(Data for the task)

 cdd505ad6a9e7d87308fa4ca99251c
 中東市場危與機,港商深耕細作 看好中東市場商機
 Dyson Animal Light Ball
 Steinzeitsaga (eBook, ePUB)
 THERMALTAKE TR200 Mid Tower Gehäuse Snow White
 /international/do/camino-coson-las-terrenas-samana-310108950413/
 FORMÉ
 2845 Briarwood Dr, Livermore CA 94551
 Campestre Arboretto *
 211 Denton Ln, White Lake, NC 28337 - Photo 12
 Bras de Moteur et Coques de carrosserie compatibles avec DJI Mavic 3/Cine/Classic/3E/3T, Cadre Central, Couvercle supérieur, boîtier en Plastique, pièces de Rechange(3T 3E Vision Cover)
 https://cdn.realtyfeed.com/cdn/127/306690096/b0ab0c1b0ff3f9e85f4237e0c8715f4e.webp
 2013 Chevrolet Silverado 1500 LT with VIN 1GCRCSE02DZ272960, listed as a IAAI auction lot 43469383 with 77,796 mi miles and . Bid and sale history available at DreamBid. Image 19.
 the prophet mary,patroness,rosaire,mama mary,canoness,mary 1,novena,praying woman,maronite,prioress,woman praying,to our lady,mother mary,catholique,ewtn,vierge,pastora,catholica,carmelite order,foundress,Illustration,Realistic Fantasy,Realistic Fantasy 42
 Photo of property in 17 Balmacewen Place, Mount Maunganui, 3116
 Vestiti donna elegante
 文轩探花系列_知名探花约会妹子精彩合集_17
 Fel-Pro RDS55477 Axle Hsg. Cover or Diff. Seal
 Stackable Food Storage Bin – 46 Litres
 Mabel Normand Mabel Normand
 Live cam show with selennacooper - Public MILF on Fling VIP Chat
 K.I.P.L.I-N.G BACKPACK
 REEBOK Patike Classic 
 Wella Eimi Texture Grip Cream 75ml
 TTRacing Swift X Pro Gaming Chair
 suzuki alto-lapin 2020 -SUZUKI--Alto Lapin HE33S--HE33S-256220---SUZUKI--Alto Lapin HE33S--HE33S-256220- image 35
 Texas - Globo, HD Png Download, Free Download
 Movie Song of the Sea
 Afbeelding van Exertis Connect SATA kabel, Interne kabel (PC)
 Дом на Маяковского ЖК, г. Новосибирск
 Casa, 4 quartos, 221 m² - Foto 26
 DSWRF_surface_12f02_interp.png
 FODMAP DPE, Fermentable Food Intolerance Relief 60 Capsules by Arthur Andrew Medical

(End Data for the task)

Your answer should consist of every record, printed exactly as given.

 cdd505ad6a9e7d87308fa4ca99251c
 中東市場危與機,港商深耕細作 看好中東市場商機
 Dyson Animal Light Ball
 Steinzeitsaga (eBook, ePUB)
 THERMALTAKE TR200 Mid Tower Gehäuse Snow White
 /international/do/camino-coson-las-terrenas-samana-310108950413/
 FORMÉ
 2845 Briarwood Dr, Livermore CA 94551
 Campestre Arboretto *
 211 Denton Ln, White Lake, NC 28337 - Photo 12
 Bras de Moteur et Coques de carrosserie compatibles avec DJI Mavic 3/Cine/Classic/3E/3T, Cadre Central, Couvercle supérieur, boîtier en Plastique, pièces de Rechange(3T 3E Vision Cover)
 https://cdn.realtyfeed.com/cdn/127/306690096/b0ab0c1b0ff3f9e85f4237e0c8715f4e.webp
 2013 Chevrolet Silverado 1500 LT with VIN 1GCRCSE02DZ272960, listed as a IAAI auction lot 43469383 with 77,796 mi miles and . Bid and sale history available at DreamBid. Image 19.
 the prophet mary,patroness,rosaire,mama mary,canoness,mary 1,novena,praying woman,maronite,prioress,woman praying,to our lady,mother mary,catholique,ewtn,vierge,pastora,catholica,carmelite order,foundress,Illustration,Realistic Fantasy,Realistic Fantasy 42
 Photo of property in 17 Balmacewen Place, Mount Maunganui, 3116
 Vestiti donna elegante
 文轩探花系列_知名探花约会妹子精彩合集_17
 Fel-Pro RDS55477 Axle Hsg. Cover or Diff. Seal
 Stackable Food Storage Bin – 46 Litres
 Mabel Normand Mabel Normand
 Live cam show with selennacooper - Public MILF on Fling VIP Chat
 K.I.P.L.I-N.G BACKPACK
 REEBOK Patike Classic 
 Wella Eimi Texture Grip Cream 75ml
 TTRacing Swift X Pro Gaming Chair
 suzuki alto-lapin 2020 -SUZUKI--Alto Lapin HE33S--HE33S-256220---SUZUKI--Alto Lapin HE33S--HE33S-256220- image 35
 Texas - Globo, HD Png Download, Free Download
 Movie Song of the Sea
 Afbeelding van Exertis Connect SATA kabel, Interne kabel (PC)
 Дом на Маяковского ЖК, г. Новосибирск
 Casa, 4 quartos, 221 m² - Foto 26
 DSWRF_surface_12f02_interp.png
 FODMAP DPE, Fermentable Food Intolerance Relief 60 Capsules by Arthur Andrew Medical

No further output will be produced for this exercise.